** TASK INPUT follows **
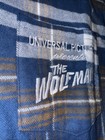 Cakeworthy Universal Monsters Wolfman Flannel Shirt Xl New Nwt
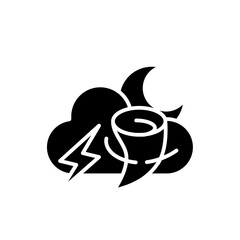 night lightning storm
** End of TASK INPUT **
** TASK INPUT follows **
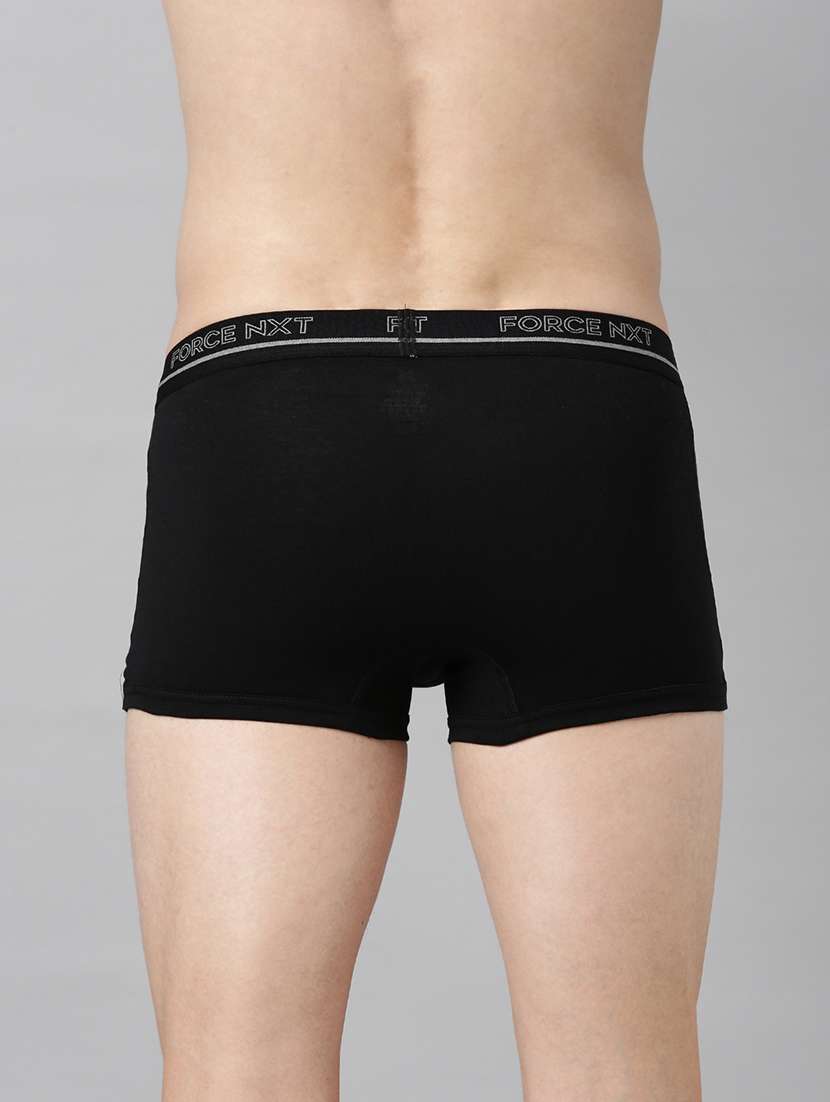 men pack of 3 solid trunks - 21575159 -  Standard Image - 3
** End of TASK INPUT **
** TASK INPUT follows **
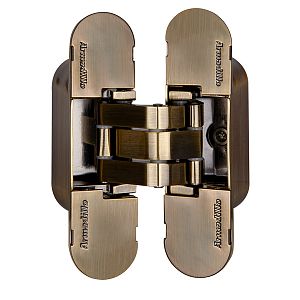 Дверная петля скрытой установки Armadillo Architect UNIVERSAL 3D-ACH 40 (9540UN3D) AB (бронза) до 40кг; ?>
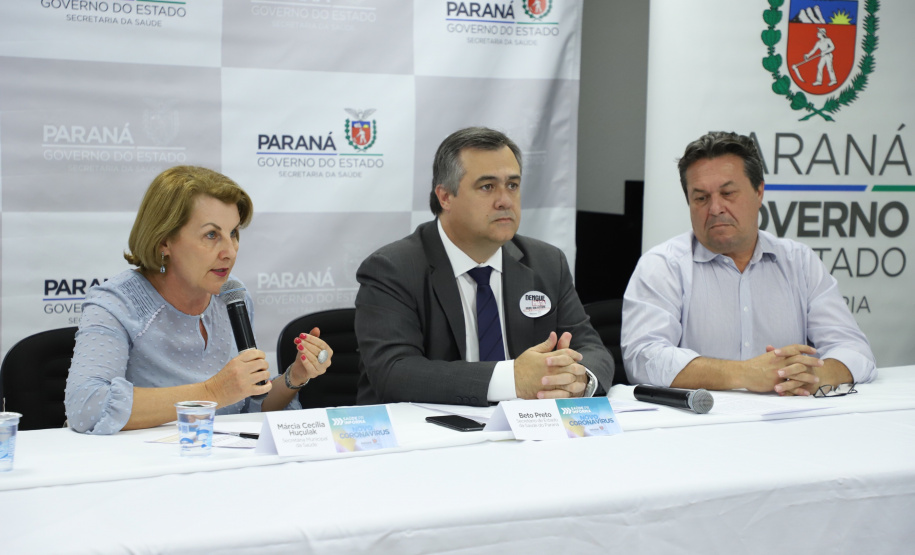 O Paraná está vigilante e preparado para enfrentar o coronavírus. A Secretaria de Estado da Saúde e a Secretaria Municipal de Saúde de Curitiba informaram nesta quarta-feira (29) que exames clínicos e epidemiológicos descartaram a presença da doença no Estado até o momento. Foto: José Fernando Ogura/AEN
** End of TASK INPUT **
EXERCISE: Would you print exactly the lines in the listing above, from the line bearing "Cakeworthy Universal Monsters" through the line bearing "night lightning storm", leaving out all pictures?

OUTPUT:
 Cakeworthy Universal Monsters Wolfman Flannel Shirt Xl New Nwt
 night lightning storm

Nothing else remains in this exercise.